Databricks Community

ShivangiB · 4 weeks ago

What are the factors on which we should choose the optimization approach

Nik_Vanderhoof · 3 weeks ago

In several ways, liquid clustering is more flexible than either hive-style partitioning or z-ordering.

Liquid clustering allows us to change clustering keys without re-writing the entire table. Since stakeholders often query only more recent data, this can be very powerful as we can change cluster keys, and all future OPTIMIZE commands will only rewrite recent data.

With OPTIMIZE ZORDER, you have to specify the zorder keys each time you run an OPTIMIZE command, which can be error-prone.

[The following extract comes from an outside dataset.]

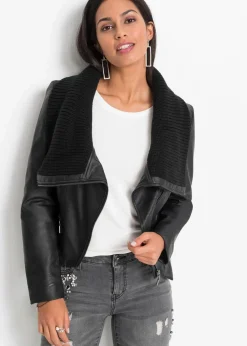 bonprix Bekleidung·Hosen|Jacken & Mäntel|Lederimitat-Jacke mit Schalkragen schwarz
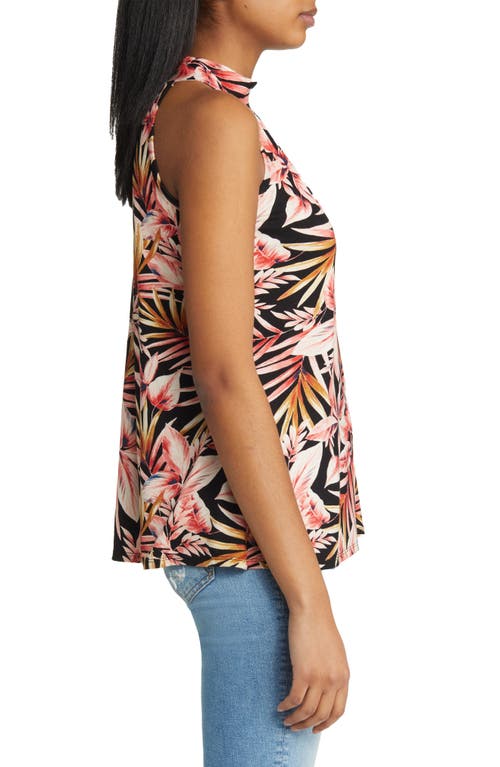 Shop Loveappella Palm Print Cutout Mock Neck Halter Top In Black/marsala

Liquid cluster keys are stored in table properties, so you need not remember the keys when running an OPTIMIZE command.

Partitioning can help data skipping for a single column, or multiple related columns (like year/month/day), but not unrelated columns.

Both ZORDER and Liquid Clustering are techniques to improve data skipping for multiple independent columns. To do this, both map multi-dimensional data into a single dimension, and group data points with a similar value together. However, Liquid Clustering's technique for this is better at grouping similar data together. You can learn more about it here: https://www.youtube.com/watch?v=5t6wX28JC_M

View solution in original post

Nik_Vanderhoof · 3 weeks ago

In several ways, liquid clustering is more flexible than either hive-style partitioning or z-ordering.

Liquid clustering allows us to change clustering keys without re-writing the entire table. Since stakeholders often query only more recent data, this can be very powerful as we can change cluster keys, and all future OPTIMIZE commands will only rewrite recent data.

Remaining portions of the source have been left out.